Sungguh dua luka peristiwa telah mengangah dalam kisah ini, menyulut dua semangat kembar perlawanan. Pangaia, Panggelawang pun melawan. Tak ada lebih penting dari upaya membebaskan adiknya (nilai kemanusiaa) dari terkaman tirani kekuasaan. Tapi lagi-lagi terbersit pertanyaan; bagaimana caranya melawan?
Ketika Paulo Freire lahir pada tahun 1921 di Recife, Brazil, pusat salah satu daerah paling miskin dan terkebelakang di dunia ketiga, “Dongeng Bakeng” ini sudah berumur kurang lebih 300 tahun sejak dicipta. Bahkan sudah lebih dulu tampil sebagai model kesadaran kaum bawah mengkritisi perangai kekuasaan raja-raja di tanah Sangihe.
Paulo Freire, disebut pendekar kaum tertindas karena ia yang menemukan jawaban yang mewakili buah pikiran kreatif dan hati nurani yang peka akan kesengsaraan dan penderitaan luar biasa kaum tertindas di sekitarnya yang diungkapkannya pertama kali di Universitas Recife tahun 1959 dalam disertasi doktornya. Kemudian dituangkannya dalam buku “Pedagogy of the Oppressed” (Pendidikan Kaum Tertindas) yang terbit di Amerika Serikat di atas tahun 1967.
Metode pengajaran Freire itu menginspirasikan banyak bangsa Asia Afrika untuk mengadopsinya sebagai metode pengajaran untuk rakyatnya yang terkebelakang --termasuk diadopsi negara benua Amerika Serikat yang menyadari kondisi masyarakatnya yang terpuruk oleh dampak lecutan perkembangan tekhnologi yang membuat masyarakatnya tenggelam dalam kubang “budaya bisu” yang dalam.
Sementara Dongeng Bakeng dengan pesan sarkastiknya, bila diresepsi dengan pendekatan sosiologi sastra, dapat diperkirakan lebih dulu menghantam kekuasan raja-raja Sangihe era abad ke 16 yang disimbolkan sebagai raksasa dengan segala tiraninya.

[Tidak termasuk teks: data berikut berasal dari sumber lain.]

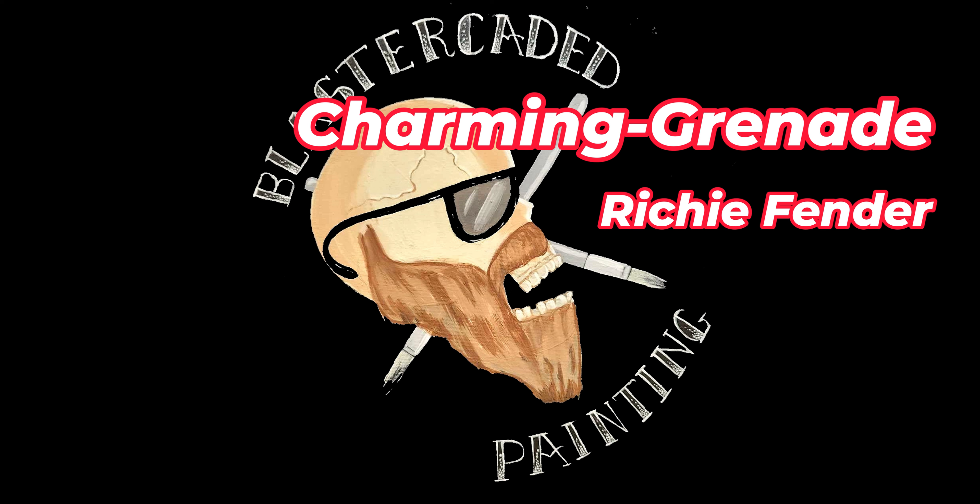Now we don't have to do any flesh colors — everything else is just zenithal and speed paint going through, which makes things a lot easier. This method could probably be applied to a lot of different miniatures. It's different from the old way of painting where you'd paint a Space Marine blue first, then wash it, then do details. The zenithal adds a ton of character and makes the miniature pop and look more realistic. What do you guys think — are you using different zenithals or undersprays? Let me know in the comments. Thanks to our Patreon supporters, Charming Grenade and Richie Fender. Thank you for watching — please like, share, comment, subscribe!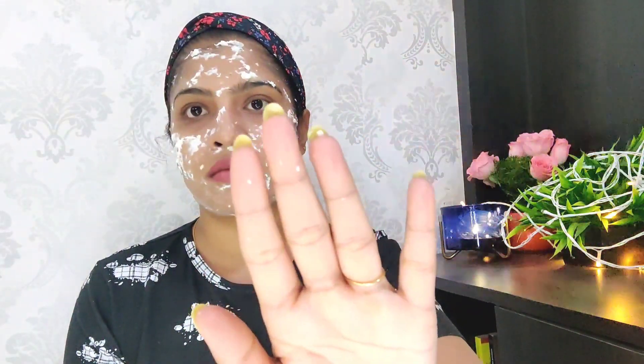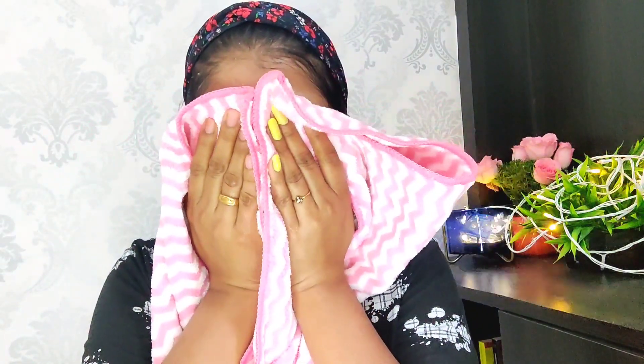We are going to try this. This is ferulic acid. This skin is bright. This is why we know the skin is good. We are going to try this. We wash the skin. If you get a face pack, you can get a face pack. This is a face pack. We will try it.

Dongeng ini tak jelas siapa penciptanya. Yang pasti ia datang dari kesadaran kaum bawah. Kaum yang sama dirasakan Freire sebagai bagian dari “kaum rombeng dari bumi”. Karena memang kecil sekali kemungkinan kesadaran menemukan diri, semacam ini lahir dari kalangan atas, kalangan mapan, meskipun mereka adalah kaum cerdas. Sebab, orang cerdas yang miskin, jauh lebih peka terhadap keadaan disekitarnya dibanding orang cerdas yang kaya, begitu simpul Knut Hamsun, sang pengarang Norwegia yang masyur.

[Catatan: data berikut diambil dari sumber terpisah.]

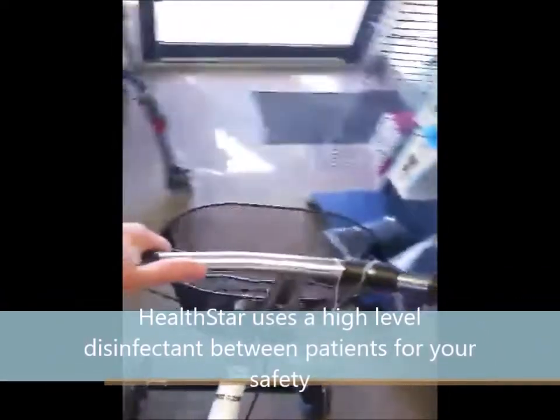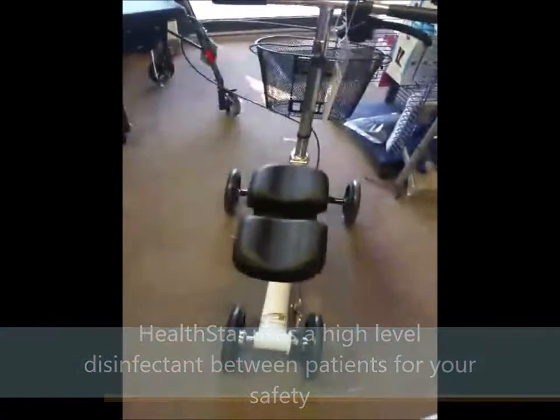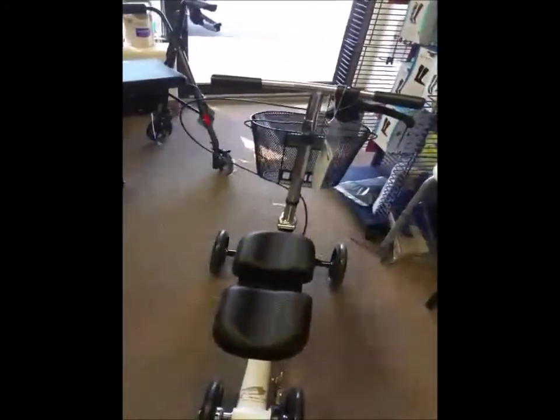This is a short video on using a knee scooter and adjusting it. It's relatively simple. Knee scooters are used for ankle injuries or surgeries where the patient will be wearing a cast or a boot.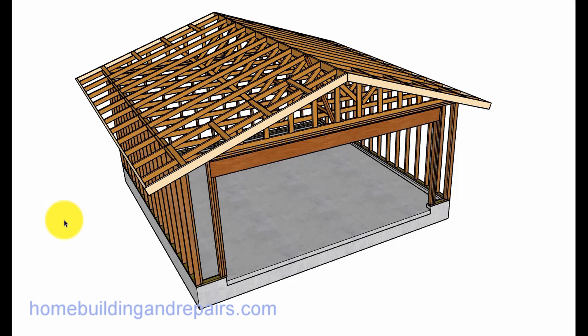In this video, I will provide you with an example of what a two-car garage, approximately 20 foot by 20 foot, would look like with a truss roof on it.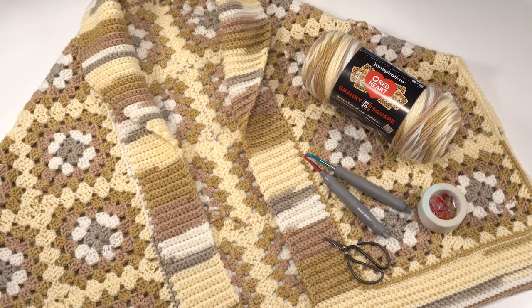And that's how to crochet squares using Red Heart Granny Square yarn and how to make the first part of the Market Day Cardigan. You'll find all the information on this free crochet along and pattern on Mooglyblog.com, so be sure to check that out. Thanks so much for watching and don't forget to like and subscribe.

Pendongeng pun melanjutkan kisahnya; Pangaia, Panggelawang membuat jembatan jebakan di atas jurang yang dalam. Saat pesta tiba, mereka menyamar sebagai pelayan. Setelah membebaskan adiknya, mereka menyembeli Watairo sebagai korban pengganti menu jamuan makan. Pesta berlangsung, dan kekacauan tak terelakkan. Pangaia - Panggelawang diam-diam pergi ke ujung jembatan jebakan, merayakan kemenangan pertama yang diraihnya, sambil menanti kemenangan berikutnya. Tapi apakah itu bermakna sebuah kemenangan? Penindasan lama runtuh di atas kelahiran penindasan baru! Gigi ganti gigi, nyawa ganti nyawa! Begitu ketika kata, dilucuti dari maknanya. Semuanya menjadi semena-mena. Yang terdengar hanya gemerincing perang, dan bau darah dengan segala makna anyirnya.

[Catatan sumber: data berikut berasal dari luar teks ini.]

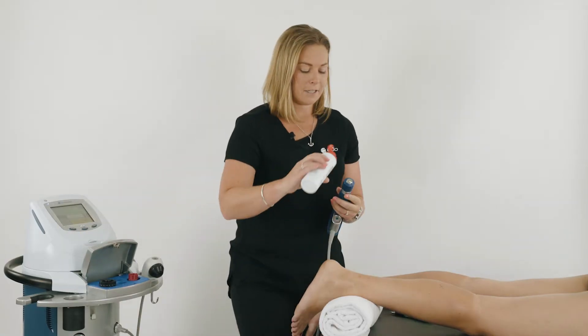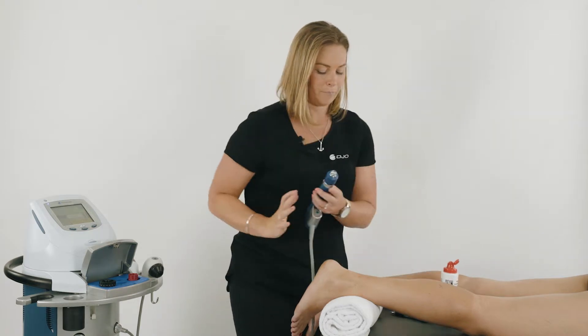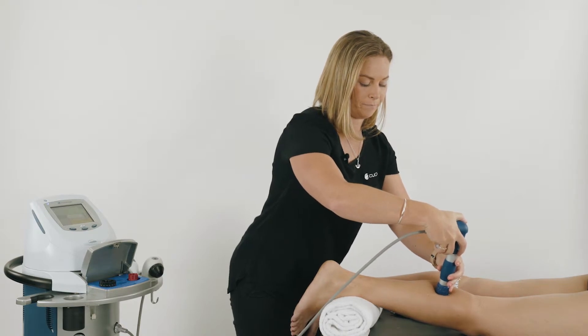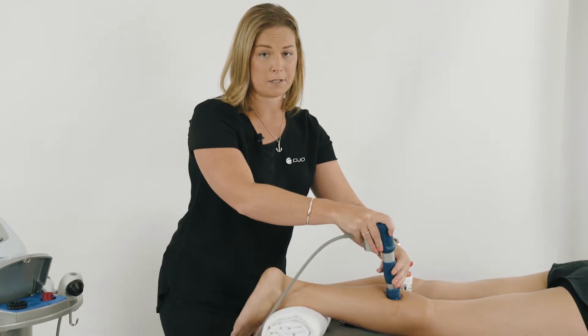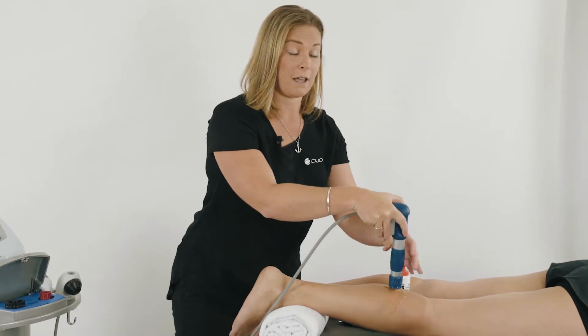Using gel this time, apply to the areas of the trigger point. You want to use small circular movements while doing the treatment and identifying with the patient where the pain or discomfort is experienced.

Dengan logika apapun kenyataan di atas bukan suatu kemenangan! Tapi pelestarian selamanya rantai penindasan. Kemenangan sesungguhnya adalah ketika kita mampu bangkit menuju pada titik yang setara. Bukan sebagai obyek penindasan, dan bukan pula sebagai subyek penindas. Pada kesetaraan itu, baru penindasan disebut selesai. Dan kemenangan sesungguhnya dapat diraih. Ini yang ditawarkan Freire dalam metode pendidikan kaum tertindas yang harus berintikan pembebasan kesadaran atau dialogika.
Tapi pada kisah ini, pendongen ingin akhir yang lain. Raja Bakeng diceritakan mengenali kuku anaknya di atas pinggannya sendiri. Warna bunga Karaluga yang indah. Siapa lagi, kalau bukan kuku milik anaknya. Ia marah, terhina, dan kehilangan. Bersama istrinya, dikerjarlah si dua bersaudara. Tapi di jembatan jebakan, mereka terperosok, lalu terbuncang di dasar jurang. Maka punahlah sang raksasa dan keluarganya dalam babak paling memilukan.
Sebagaimana esensi satra adalah memuliakan sekaligus mengkritisi kehidupan, dongeng Raksasa Bakeng di atas, di satu sisi meresepsikan kita suatu pemahaman atas kontradiksi sosial, politik, dan ekonomi, serta mengambil tindakan untuk melawan unsur-unsur yang menindas dari realitas tersebut. Tetapi di sisi lain, perlawan berlangsung secara radikal, dengan mengabai kesadaran (conscientization) kesetaraan, sehingga baik penindas dan yang tertindas berakhir dalam suatu situasi yang suram.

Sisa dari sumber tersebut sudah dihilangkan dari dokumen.